[Image-caption web data]
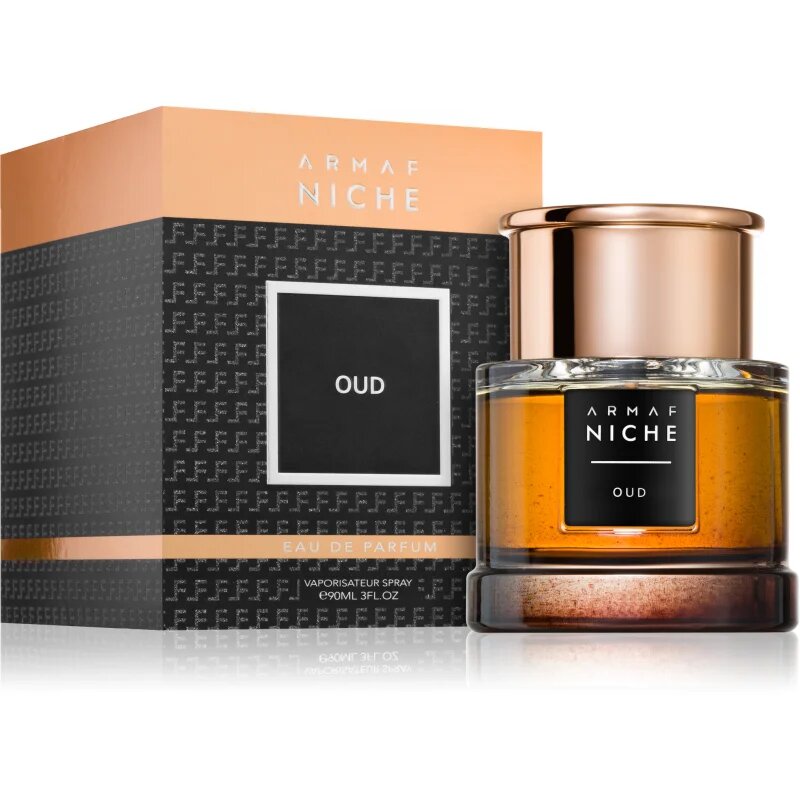 Armaf Oud Eau de Parfum unisex 90 ml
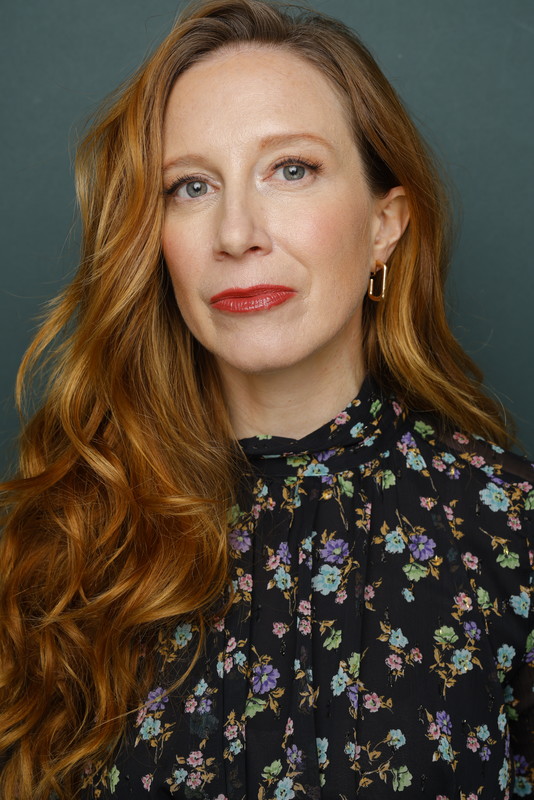 Amy DePaola - director portrait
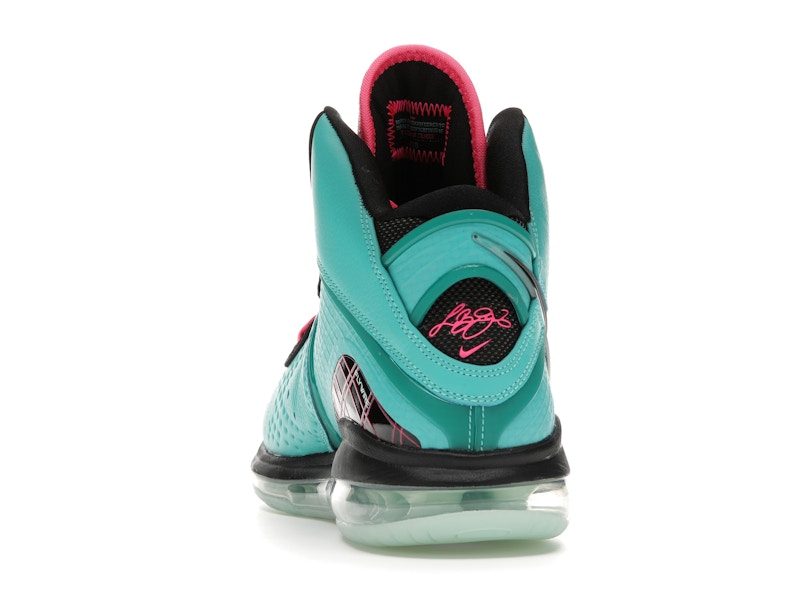 Nike LeBron 8 South Beach (2021) - image 27
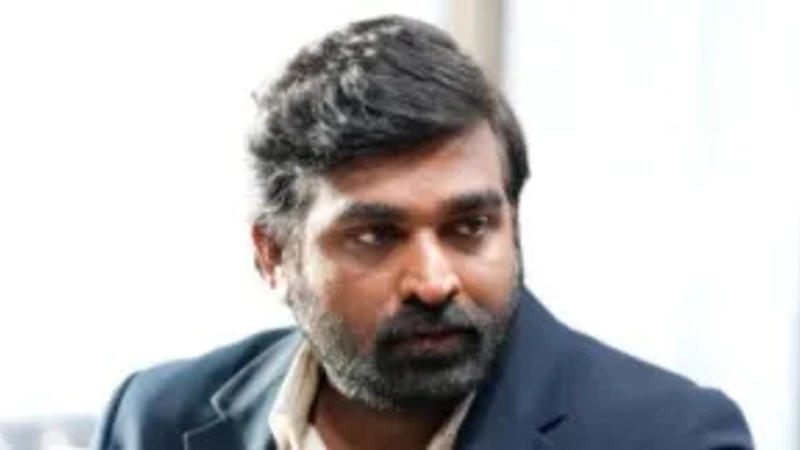 SC Dismisses Vijay Sethupathi's Plea, Actor to Face Trial in Criminal Defamation Case
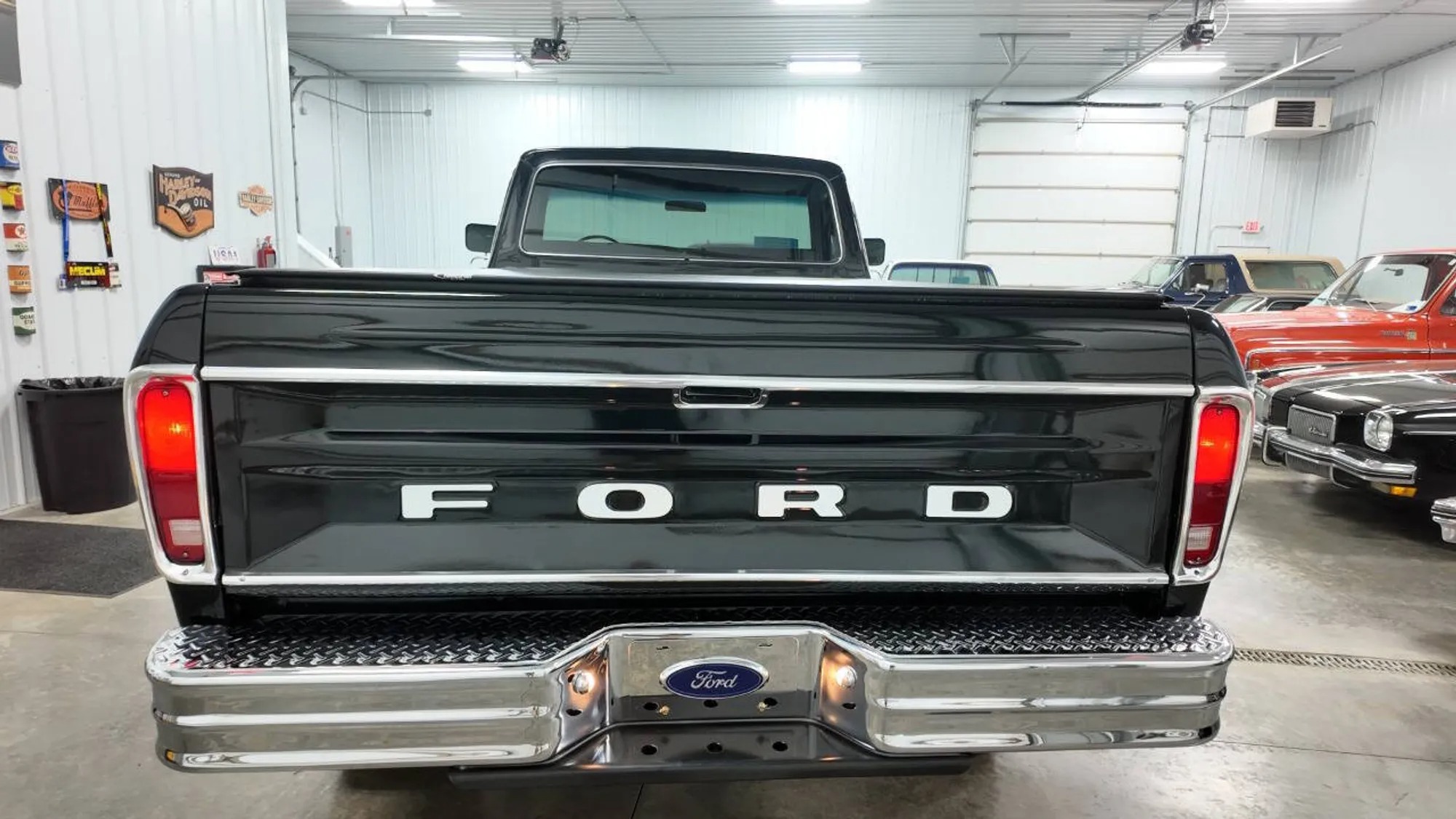 1978 Ford F-150 Explorer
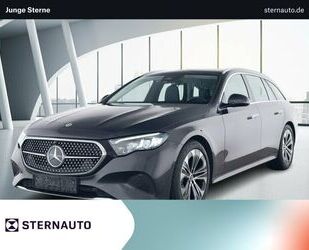 Mercedes-Benz E 200 Gebrauchtwagen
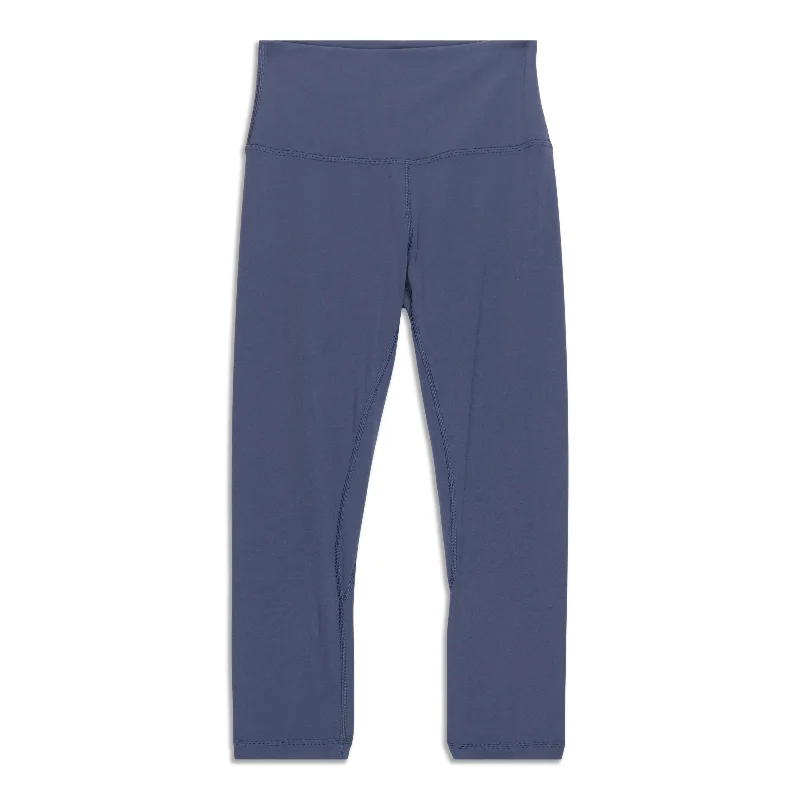 Stylish Savings lululemon Align™ Crop - Resale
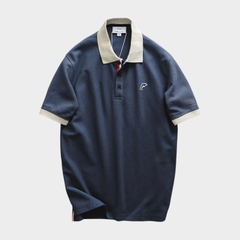 Áo Polo Dolphin Form Regular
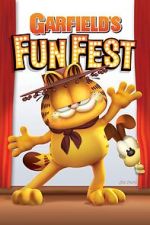 Watch Garfield's Fun Fest Megashare9
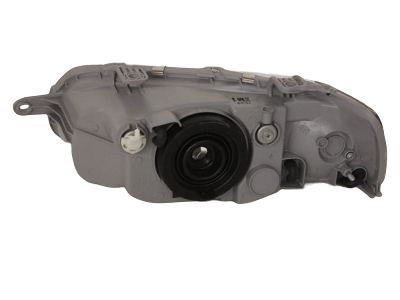 GM 96540254 Headlamp Assembly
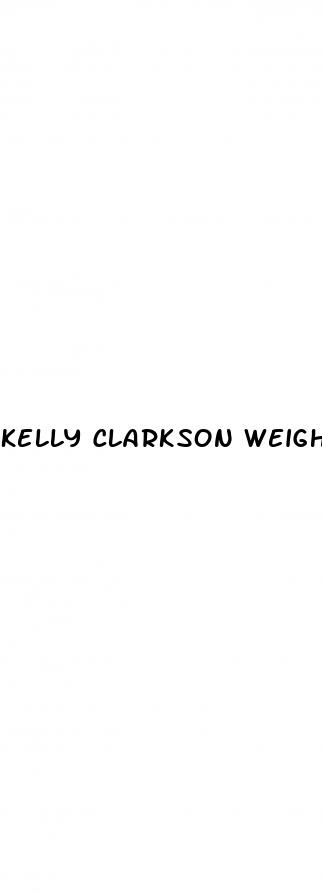 kelly clarkson weight loss 2024 keto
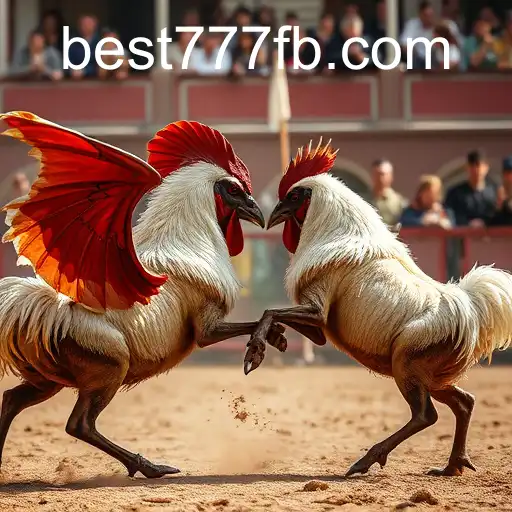 Rinha de Galos e a Influência de Best777.com no Cenário Atual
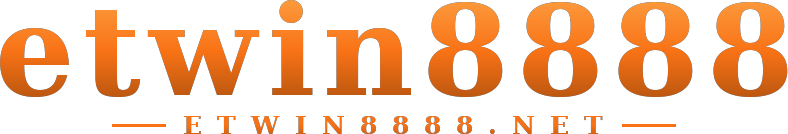 etwin8888 logo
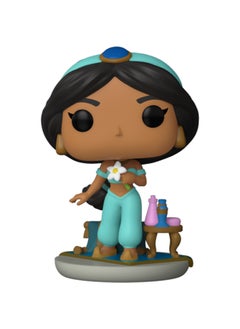 Funko Pop Disney Ultimate Princess - Jasmine Collectable Vinyl Figure - Gift Idea - Model Figure For Collectors - 54743  - Image 3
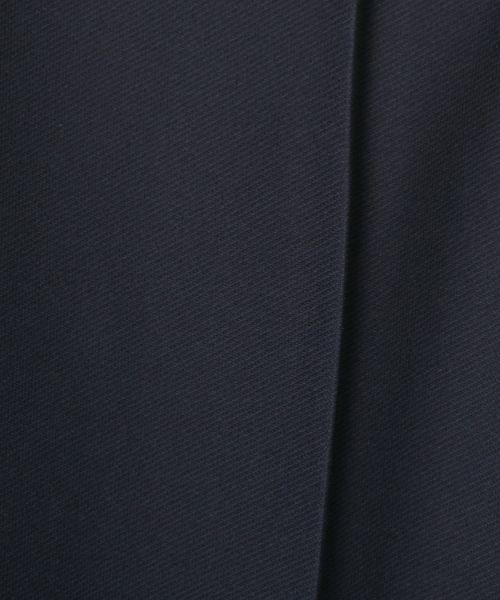 LANVIN COLLECTION / ランバン コレクション その他パンツ | バランサーキュラーパンツ | 詳細1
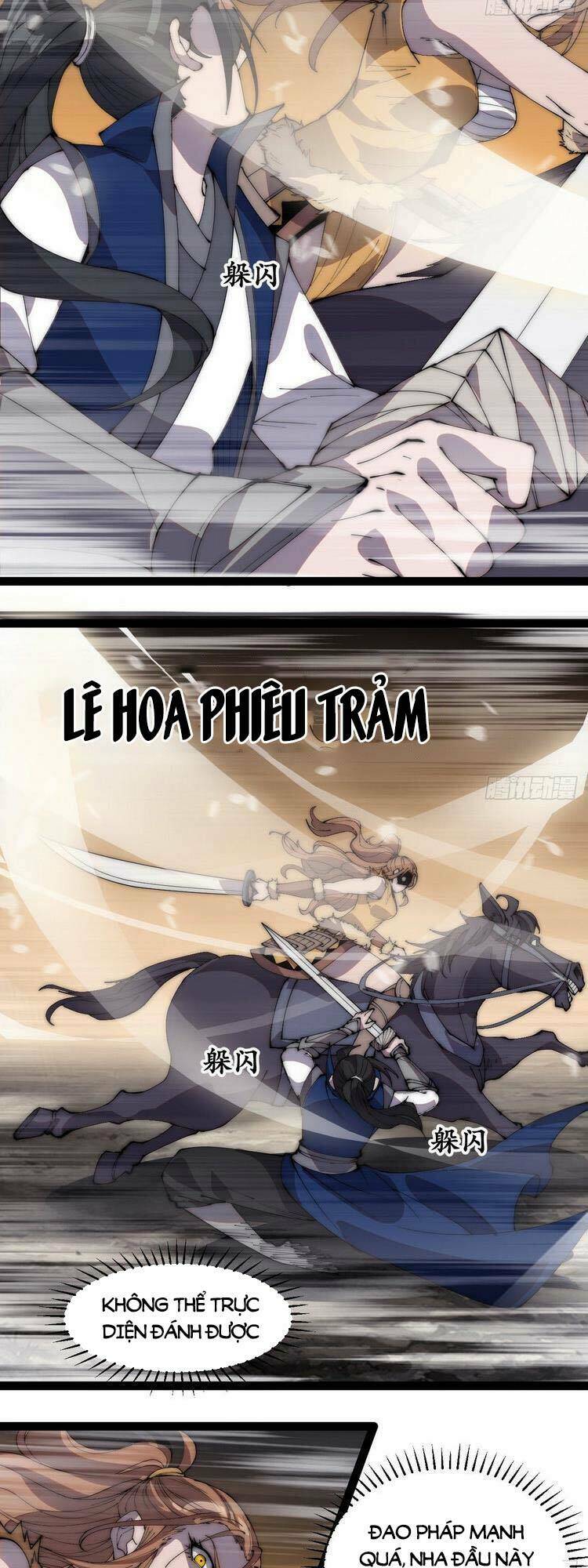 Ta Có Một Sơn Trại Chapter 303 - Trang 2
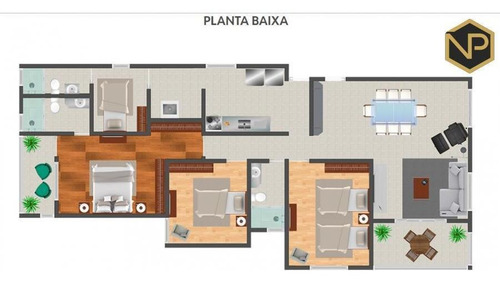 Imagem 17 de 17 de Apartamento À Venda Em Jaboatão Dos Guararapes/pe - Np24v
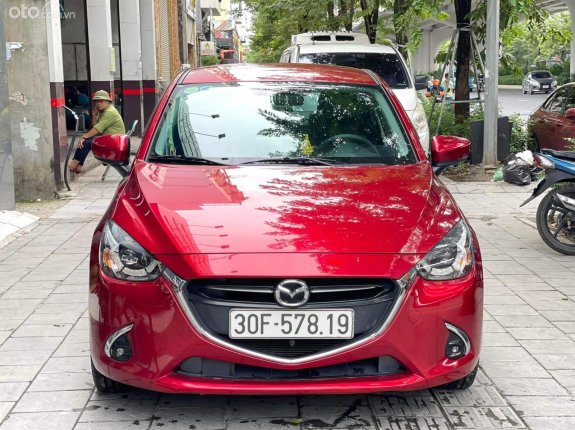Mazda 2 2018 - 495 triệu rất hạt rẻ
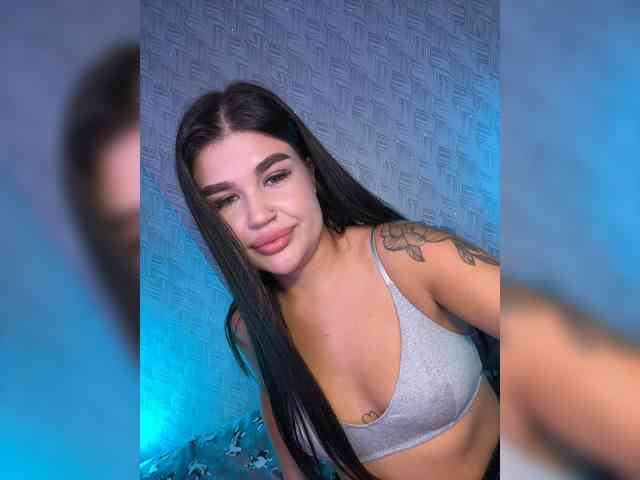 suchka-black- Sex Cam Show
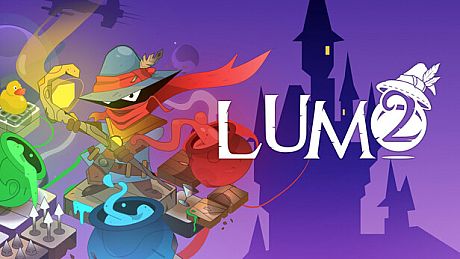 Lumo 2 Game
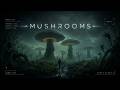 Mushroom Outposts - Cradle South Sector | Post Apocalyptic Dark Ambient Music | Veduora Universe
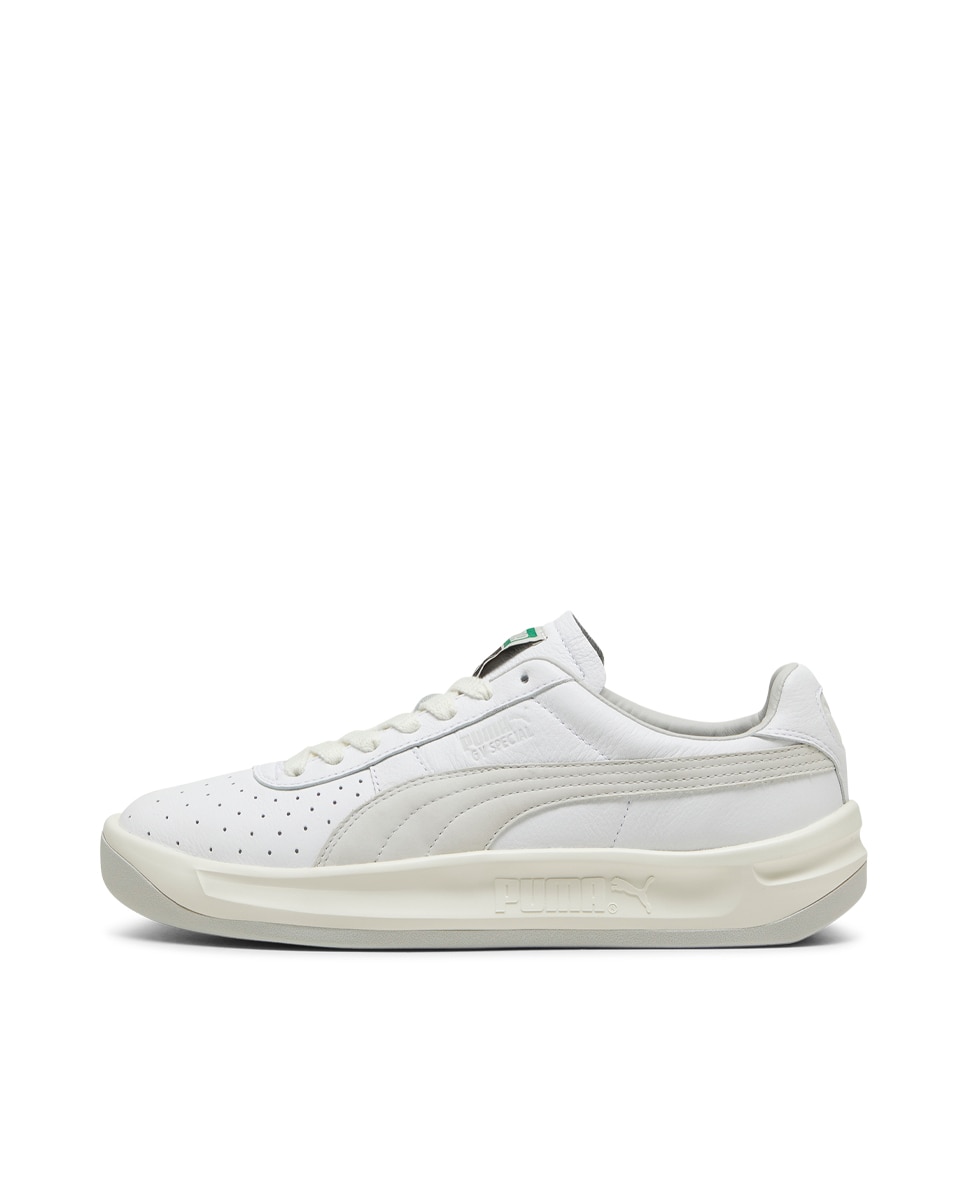Sapatilhas GV Special Base de Mulher e Homem Branco-4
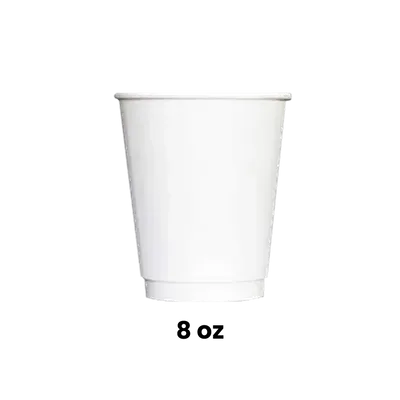 8 oz 8 oz - Custom Shot Glass Now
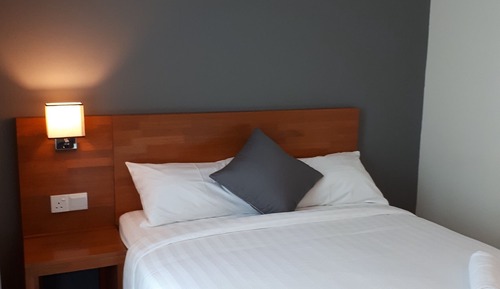 Habitación Premier (C)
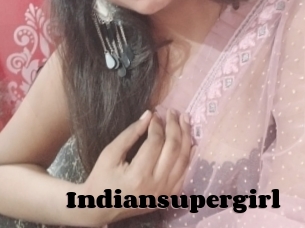 Indiansupergirl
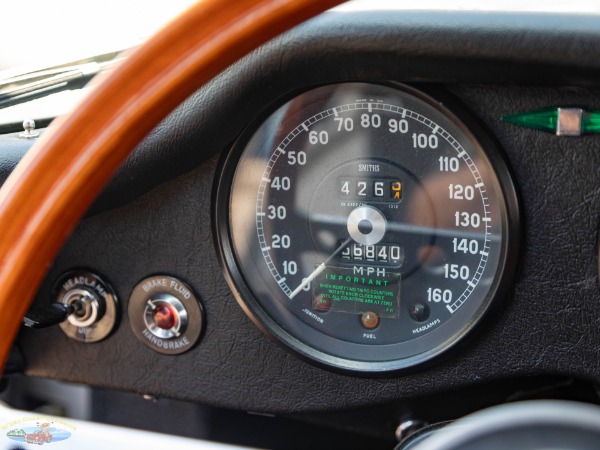 Used 1967 Jaguar XKE E-Type 4.2L 5 spd Roadster Convertible | Torrance, CA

## [DIRECTIONS FOR THIS TASK]
The required output is each line above restated verbatim, with all images omitted.

## [THE COMPLETED TASK]
 Armaf Oud Eau de Parfum unisex 90 ml
 Amy DePaola - director portrait
 Nike LeBron 8 South Beach (2021) - image 27
 SC Dismisses Vijay Sethupathi's Plea, Actor to Face Trial in Criminal Defamation Case
 1978 Ford F-150 Explorer
 Mercedes-Benz E 200 Gebrauchtwagen
 Stylish Savings lululemon Align™ Crop - Resale
 Áo Polo Dolphin Form Regular
 Watch Garfield's Fun Fest Megashare9
 GM 96540254 Headlamp Assembly
 kelly clarkson weight loss 2024 keto
 Rinha de Galos e a Influência de Best777.com no Cenário Atual
 etwin8888 logo
 Funko Pop Disney Ultimate Princess - Jasmine Collectable Vinyl Figure - Gift Idea - Model Figure For Collectors - 54743  - Image 3
 LANVIN COLLECTION / ランバン コレクション その他パンツ | バランサーキュラーパンツ | 詳細1
 Ta Có Một Sơn Trại Chapter 303 - Trang 2
 Imagem 17 de 17 de Apartamento À Venda Em Jaboatão Dos Guararapes/pe - Np24v
Mazda 2 2018 - 495 triệu rất hạt rẻ
 suchka-black- Sex Cam Show
 Lumo 2 Game
 Mushroom Outposts - Cradle South Sector | Post Apocalyptic Dark Ambient Music | Veduora Universe
Sapatilhas GV Special Base de Mulher e Homem Branco-4
 8 oz 8 oz - Custom Shot Glass Now
 Habitación Premier (C)
 Indiansupergirl
 Used 1967 Jaguar XKE E-Type 4.2L 5 spd Roadster Convertible | Torrance, CA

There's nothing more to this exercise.